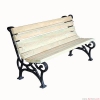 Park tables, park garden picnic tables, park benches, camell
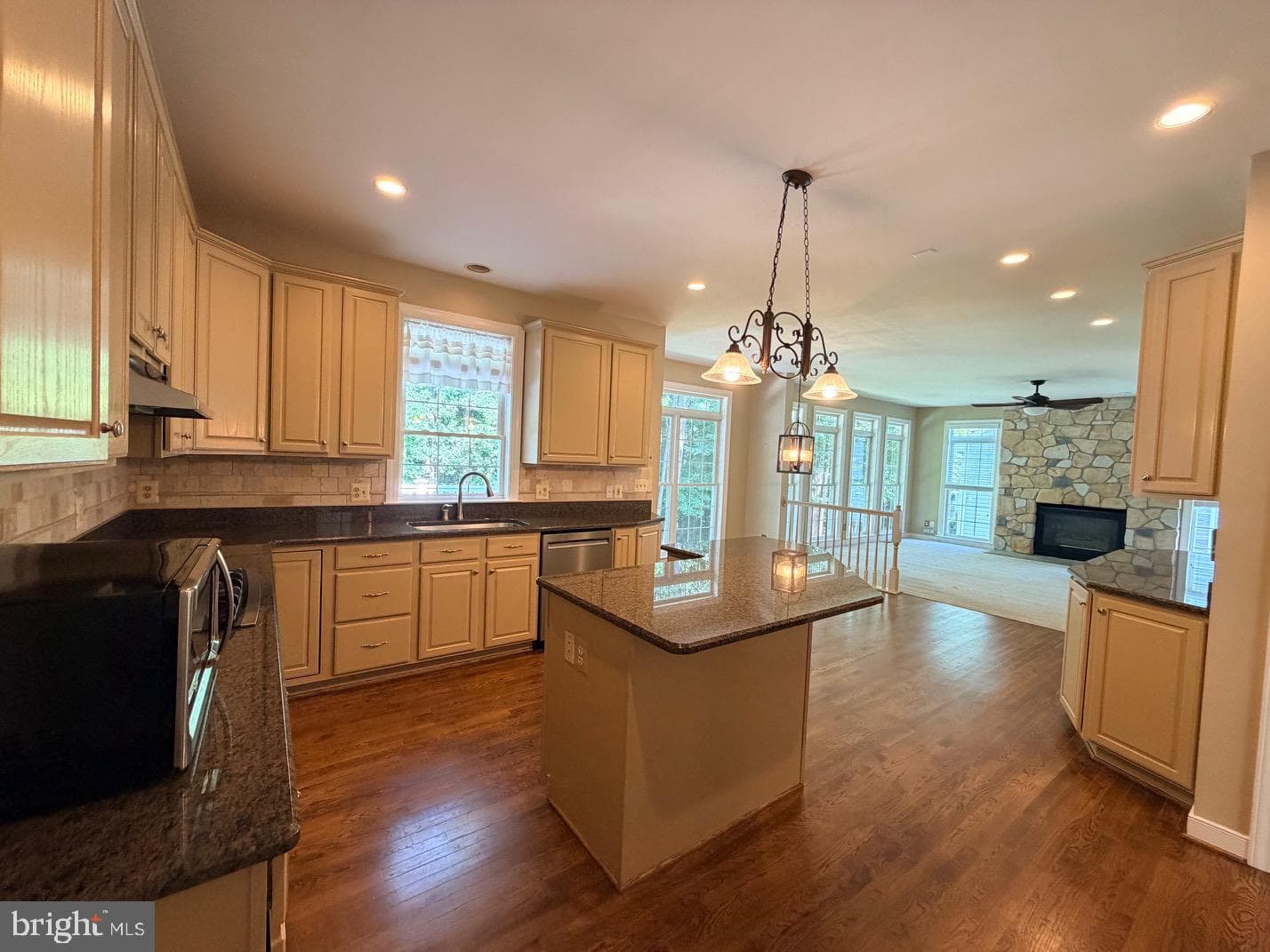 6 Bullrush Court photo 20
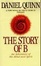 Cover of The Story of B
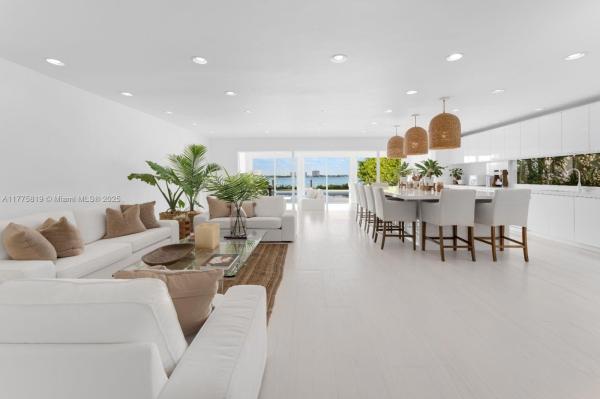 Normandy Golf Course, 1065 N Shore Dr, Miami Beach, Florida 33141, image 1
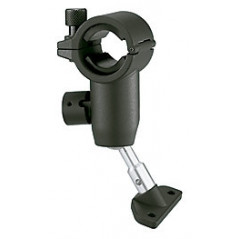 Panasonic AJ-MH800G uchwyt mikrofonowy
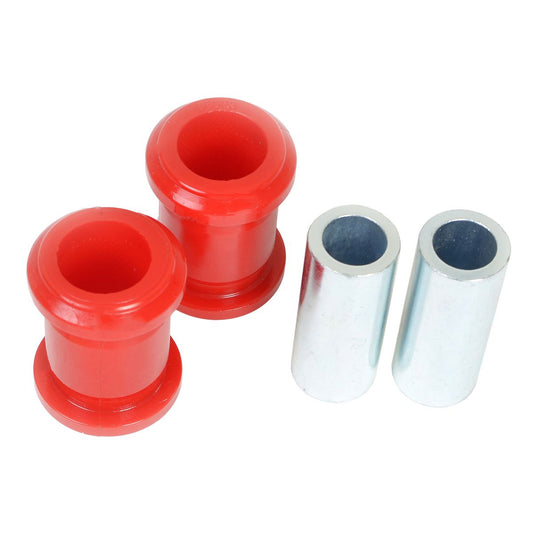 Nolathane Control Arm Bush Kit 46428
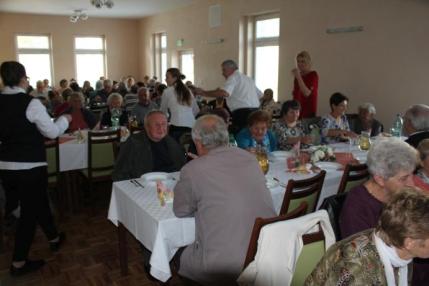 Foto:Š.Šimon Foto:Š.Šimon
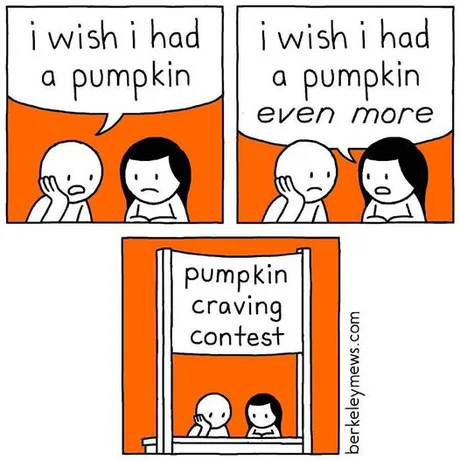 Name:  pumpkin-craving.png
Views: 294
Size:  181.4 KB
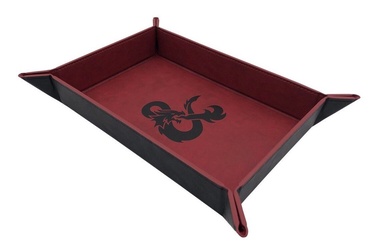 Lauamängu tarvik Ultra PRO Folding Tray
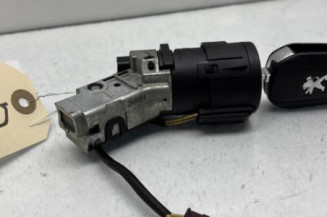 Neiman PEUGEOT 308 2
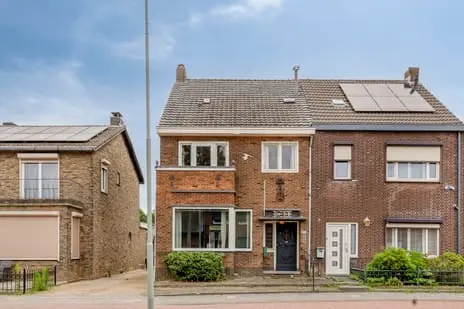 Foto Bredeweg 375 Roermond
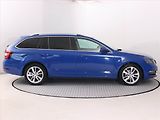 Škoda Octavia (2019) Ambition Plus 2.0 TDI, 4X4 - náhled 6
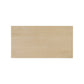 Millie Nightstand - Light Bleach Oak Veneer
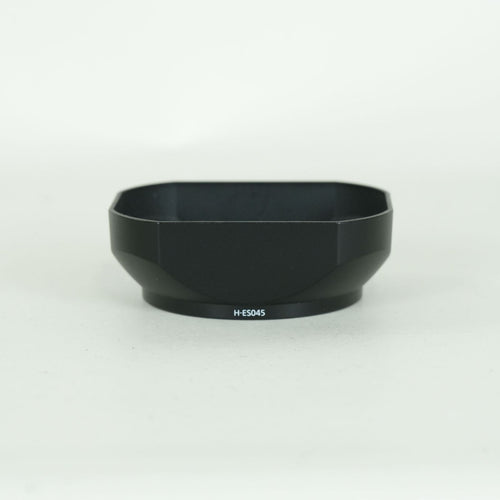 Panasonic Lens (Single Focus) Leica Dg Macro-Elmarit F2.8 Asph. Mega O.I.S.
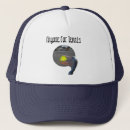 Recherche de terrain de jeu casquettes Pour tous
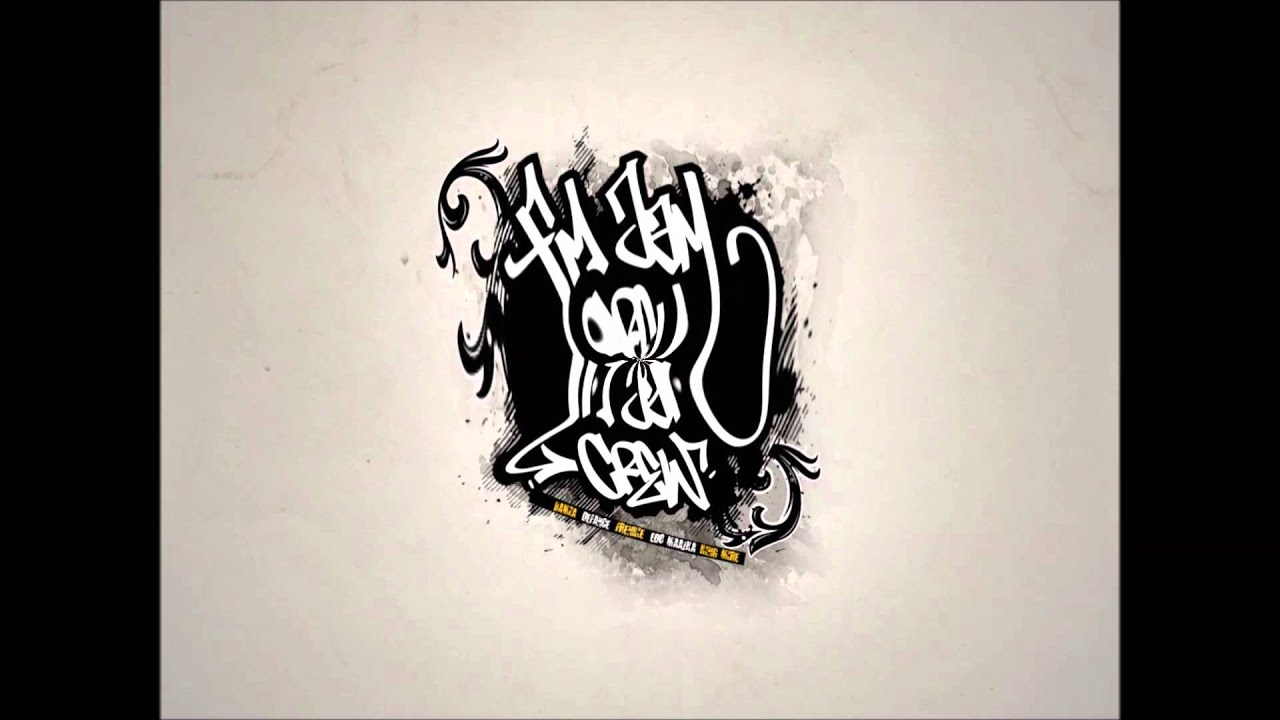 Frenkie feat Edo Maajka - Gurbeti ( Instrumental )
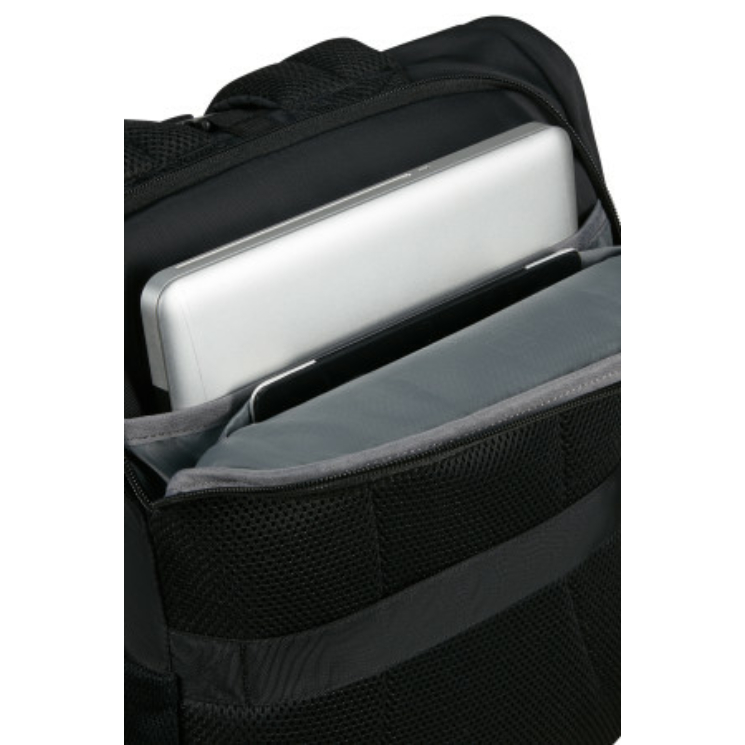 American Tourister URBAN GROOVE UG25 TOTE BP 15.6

========================================================================

What you will do: Output only the lines running from the one containing "Panasonic AJ-MH800G uchwyt mikrofonowy" to the end of the records, inclusive and exact; skip the pictures.

Answer to this exercise:
 Panasonic AJ-MH800G uchwyt mikrofonowy
 Nolathane Control Arm Bush Kit 46428
 Foto:Š.Šimon Foto:Š.Šimon
 Name:  pumpkin-craving.png
Views: 294
Size:  181.4 KB
 Lauamängu tarvik Ultra PRO Folding Tray
 Neiman PEUGEOT 308 2
 Foto Bredeweg 375 Roermond
 Škoda Octavia (2019) Ambition Plus 2.0 TDI, 4X4 - náhled 6
 Millie Nightstand - Light Bleach Oak Veneer
 Panasonic Lens (Single Focus) Leica Dg Macro-Elmarit F2.8 Asph. Mega O.I.S.
 Recherche de terrain de jeu casquettes Pour tous
 Frenkie feat Edo Maajka - Gurbeti ( Instrumental )
 American Tourister URBAN GROOVE UG25 TOTE BP 15.6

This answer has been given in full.